PROBLEM STATEMENT:
Every entry needs to be given again exactly as it reads.

PROVIDED DATA:
════════════════
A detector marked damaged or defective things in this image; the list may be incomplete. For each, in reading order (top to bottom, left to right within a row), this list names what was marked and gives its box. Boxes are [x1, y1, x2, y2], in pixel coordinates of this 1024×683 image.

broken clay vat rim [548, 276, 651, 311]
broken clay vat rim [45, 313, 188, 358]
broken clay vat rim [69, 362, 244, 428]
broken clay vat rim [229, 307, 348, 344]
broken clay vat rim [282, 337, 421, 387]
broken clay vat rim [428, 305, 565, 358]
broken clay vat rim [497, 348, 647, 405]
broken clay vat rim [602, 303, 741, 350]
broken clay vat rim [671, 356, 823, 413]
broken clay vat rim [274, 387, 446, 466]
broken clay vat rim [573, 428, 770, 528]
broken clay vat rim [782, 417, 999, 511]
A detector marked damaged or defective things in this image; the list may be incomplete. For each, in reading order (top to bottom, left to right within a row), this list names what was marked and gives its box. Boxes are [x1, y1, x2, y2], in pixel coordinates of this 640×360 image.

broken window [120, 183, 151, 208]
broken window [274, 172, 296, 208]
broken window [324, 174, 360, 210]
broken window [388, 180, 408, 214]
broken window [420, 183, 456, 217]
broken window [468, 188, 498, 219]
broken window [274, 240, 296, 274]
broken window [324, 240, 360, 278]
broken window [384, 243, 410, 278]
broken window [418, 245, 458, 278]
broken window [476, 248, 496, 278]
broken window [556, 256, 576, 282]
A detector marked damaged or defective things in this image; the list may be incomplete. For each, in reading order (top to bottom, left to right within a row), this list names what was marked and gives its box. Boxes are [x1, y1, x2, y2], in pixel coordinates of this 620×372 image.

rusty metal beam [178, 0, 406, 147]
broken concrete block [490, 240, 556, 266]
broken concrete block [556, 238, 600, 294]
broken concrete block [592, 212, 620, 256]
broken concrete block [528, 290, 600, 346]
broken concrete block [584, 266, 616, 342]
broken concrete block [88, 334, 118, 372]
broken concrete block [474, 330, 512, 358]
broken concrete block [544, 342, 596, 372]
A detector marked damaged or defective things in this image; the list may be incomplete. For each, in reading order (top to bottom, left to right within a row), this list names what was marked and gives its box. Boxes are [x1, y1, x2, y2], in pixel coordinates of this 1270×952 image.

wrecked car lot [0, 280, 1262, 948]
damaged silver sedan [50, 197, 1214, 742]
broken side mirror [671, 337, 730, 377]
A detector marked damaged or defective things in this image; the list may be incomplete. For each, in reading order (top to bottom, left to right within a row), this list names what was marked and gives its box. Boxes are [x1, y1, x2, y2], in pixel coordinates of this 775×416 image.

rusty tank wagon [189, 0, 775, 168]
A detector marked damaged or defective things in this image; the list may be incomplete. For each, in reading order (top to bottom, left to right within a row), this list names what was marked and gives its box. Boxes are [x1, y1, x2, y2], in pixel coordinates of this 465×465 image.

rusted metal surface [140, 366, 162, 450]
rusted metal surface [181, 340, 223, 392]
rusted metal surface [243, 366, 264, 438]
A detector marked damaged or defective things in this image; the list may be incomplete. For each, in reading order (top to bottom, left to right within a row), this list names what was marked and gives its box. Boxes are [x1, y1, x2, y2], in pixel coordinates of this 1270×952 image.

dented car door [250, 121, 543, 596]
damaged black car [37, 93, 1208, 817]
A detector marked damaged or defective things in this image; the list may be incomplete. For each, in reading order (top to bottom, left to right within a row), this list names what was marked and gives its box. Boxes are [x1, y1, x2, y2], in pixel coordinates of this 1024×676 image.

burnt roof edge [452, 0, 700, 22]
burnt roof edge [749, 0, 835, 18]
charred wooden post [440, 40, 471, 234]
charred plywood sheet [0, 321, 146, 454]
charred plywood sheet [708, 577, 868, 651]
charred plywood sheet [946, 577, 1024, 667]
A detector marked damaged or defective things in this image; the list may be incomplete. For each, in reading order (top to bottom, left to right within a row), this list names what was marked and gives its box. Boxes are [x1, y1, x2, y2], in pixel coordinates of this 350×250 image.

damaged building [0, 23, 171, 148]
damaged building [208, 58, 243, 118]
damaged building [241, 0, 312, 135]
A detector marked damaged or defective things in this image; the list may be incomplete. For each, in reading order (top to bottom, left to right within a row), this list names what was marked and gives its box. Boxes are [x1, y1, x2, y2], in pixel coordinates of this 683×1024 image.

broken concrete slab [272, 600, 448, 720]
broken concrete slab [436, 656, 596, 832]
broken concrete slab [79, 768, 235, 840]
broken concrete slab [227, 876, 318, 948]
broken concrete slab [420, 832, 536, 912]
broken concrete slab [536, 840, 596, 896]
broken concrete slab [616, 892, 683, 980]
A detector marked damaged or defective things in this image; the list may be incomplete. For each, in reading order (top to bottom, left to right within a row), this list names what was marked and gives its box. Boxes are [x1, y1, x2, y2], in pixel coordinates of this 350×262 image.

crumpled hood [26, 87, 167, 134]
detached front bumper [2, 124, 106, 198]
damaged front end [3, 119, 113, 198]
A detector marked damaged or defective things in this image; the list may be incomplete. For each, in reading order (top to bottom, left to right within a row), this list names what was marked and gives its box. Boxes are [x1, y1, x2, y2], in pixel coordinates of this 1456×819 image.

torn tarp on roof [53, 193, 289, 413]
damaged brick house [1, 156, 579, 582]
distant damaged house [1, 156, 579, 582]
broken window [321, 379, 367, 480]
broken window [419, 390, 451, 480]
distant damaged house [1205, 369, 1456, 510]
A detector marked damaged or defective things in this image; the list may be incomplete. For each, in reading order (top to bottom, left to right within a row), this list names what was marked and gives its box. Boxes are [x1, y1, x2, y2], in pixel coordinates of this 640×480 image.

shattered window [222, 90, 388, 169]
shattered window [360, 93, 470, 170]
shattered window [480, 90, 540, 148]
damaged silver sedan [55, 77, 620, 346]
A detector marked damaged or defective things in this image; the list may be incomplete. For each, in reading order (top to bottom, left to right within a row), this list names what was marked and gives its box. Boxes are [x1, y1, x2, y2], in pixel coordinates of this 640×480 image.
════════════════
WRITTEN ANSWER:
A detector marked damaged or defective things in this image; the list may be incomplete. For each, in reading order (top to bottom, left to right within a row), this list names what was marked and gives its box. Boxes are [x1, y1, x2, y2], in pixel coordinates of this 1024×683 image.

broken clay vat rim [548, 276, 651, 311]
broken clay vat rim [45, 313, 188, 358]
broken clay vat rim [69, 362, 244, 428]
broken clay vat rim [229, 307, 348, 344]
broken clay vat rim [282, 337, 421, 387]
broken clay vat rim [428, 305, 565, 358]
broken clay vat rim [497, 348, 647, 405]
broken clay vat rim [602, 303, 741, 350]
broken clay vat rim [671, 356, 823, 413]
broken clay vat rim [274, 387, 446, 466]
broken clay vat rim [573, 428, 770, 528]
broken clay vat rim [782, 417, 999, 511]
A detector marked damaged or defective things in this image; the list may be incomplete. For each, in reading order (top to bottom, left to right within a row), this list names what was marked and gives its box. Boxes are [x1, y1, x2, y2], in pixel coordinates of this 640×360 image.

broken window [120, 183, 151, 208]
broken window [274, 172, 296, 208]
broken window [324, 174, 360, 210]
broken window [388, 180, 408, 214]
broken window [420, 183, 456, 217]
broken window [468, 188, 498, 219]
broken window [274, 240, 296, 274]
broken window [324, 240, 360, 278]
broken window [384, 243, 410, 278]
broken window [418, 245, 458, 278]
broken window [476, 248, 496, 278]
broken window [556, 256, 576, 282]
A detector marked damaged or defective things in this image; the list may be incomplete. For each, in reading order (top to bottom, left to right within a row), this list names what was marked and gives its box. Boxes are [x1, y1, x2, y2], in pixel coordinates of this 620×372 image.

rusty metal beam [178, 0, 406, 147]
broken concrete block [490, 240, 556, 266]
broken concrete block [556, 238, 600, 294]
broken concrete block [592, 212, 620, 256]
broken concrete block [528, 290, 600, 346]
broken concrete block [584, 266, 616, 342]
broken concrete block [88, 334, 118, 372]
broken concrete block [474, 330, 512, 358]
broken concrete block [544, 342, 596, 372]
A detector marked damaged or defective things in this image; the list may be incomplete. For each, in reading order (top to bottom, left to right within a row), this list names what was marked and gives its box. Boxes are [x1, y1, x2, y2], in pixel coordinates of this 1270×952 image.

wrecked car lot [0, 280, 1262, 948]
damaged silver sedan [50, 197, 1214, 742]
broken side mirror [671, 337, 730, 377]
A detector marked damaged or defective things in this image; the list may be incomplete. For each, in reading order (top to bottom, left to right within a row), this list names what was marked and gives its box. Boxes are [x1, y1, x2, y2], in pixel coordinates of this 775×416 image.

rusty tank wagon [189, 0, 775, 168]
A detector marked damaged or defective things in this image; the list may be incomplete. For each, in reading order (top to bottom, left to right within a row), this list names what was marked and gives its box. Boxes are [x1, y1, x2, y2], in pixel coordinates of this 465×465 image.

rusted metal surface [140, 366, 162, 450]
rusted metal surface [181, 340, 223, 392]
rusted metal surface [243, 366, 264, 438]
A detector marked damaged or defective things in this image; the list may be incomplete. For each, in reading order (top to bottom, left to right within a row), this list names what was marked and gives its box. Boxes are [x1, y1, x2, y2], in pixel coordinates of this 1270×952 image.

dented car door [250, 121, 543, 596]
damaged black car [37, 93, 1208, 817]
A detector marked damaged or defective things in this image; the list may be incomplete. For each, in reading order (top to bottom, left to right within a row), this list names what was marked and gives its box. Boxes are [x1, y1, x2, y2], in pixel coordinates of this 1024×676 image.

burnt roof edge [452, 0, 700, 22]
burnt roof edge [749, 0, 835, 18]
charred wooden post [440, 40, 471, 234]
charred plywood sheet [0, 321, 146, 454]
charred plywood sheet [708, 577, 868, 651]
charred plywood sheet [946, 577, 1024, 667]
A detector marked damaged or defective things in this image; the list may be incomplete. For each, in reading order (top to bottom, left to right within a row), this list names what was marked and gives its box. Boxes are [x1, y1, x2, y2], in pixel coordinates of this 350×250 image.

damaged building [0, 23, 171, 148]
damaged building [208, 58, 243, 118]
damaged building [241, 0, 312, 135]
A detector marked damaged or defective things in this image; the list may be incomplete. For each, in reading order (top to bottom, left to right within a row), this list names what was marked and gives its box. Boxes are [x1, y1, x2, y2], in pixel coordinates of this 683×1024 image.

broken concrete slab [272, 600, 448, 720]
broken concrete slab [436, 656, 596, 832]
broken concrete slab [79, 768, 235, 840]
broken concrete slab [227, 876, 318, 948]
broken concrete slab [420, 832, 536, 912]
broken concrete slab [536, 840, 596, 896]
broken concrete slab [616, 892, 683, 980]
A detector marked damaged or defective things in this image; the list may be incomplete. For each, in reading order (top to bottom, left to right within a row), this list names what was marked and gives its box. Boxes are [x1, y1, x2, y2], in pixel coordinates of this 350×262 image.

crumpled hood [26, 87, 167, 134]
detached front bumper [2, 124, 106, 198]
damaged front end [3, 119, 113, 198]
A detector marked damaged or defective things in this image; the list may be incomplete. For each, in reading order (top to bottom, left to right within a row), this list names what was marked and gives its box. Boxes are [x1, y1, x2, y2], in pixel coordinates of this 1456×819 image.

torn tarp on roof [53, 193, 289, 413]
damaged brick house [1, 156, 579, 582]
distant damaged house [1, 156, 579, 582]
broken window [321, 379, 367, 480]
broken window [419, 390, 451, 480]
distant damaged house [1205, 369, 1456, 510]
A detector marked damaged or defective things in this image; the list may be incomplete. For each, in reading order (top to bottom, left to right within a row), this list names what was marked and gives its box. Boxes are [x1, y1, x2, y2], in pixel coordinates of this 640×480 image.

shattered window [222, 90, 388, 169]
shattered window [360, 93, 470, 170]
shattered window [480, 90, 540, 148]
damaged silver sedan [55, 77, 620, 346]
A detector marked damaged or defective things in this image; the list may be incomplete. For each, in reading order (top to bottom, left to right within a row), this list names what was marked and gives its box. Boxes are [x1, y1, x2, y2], in pixel coordinates of this 640×480 image.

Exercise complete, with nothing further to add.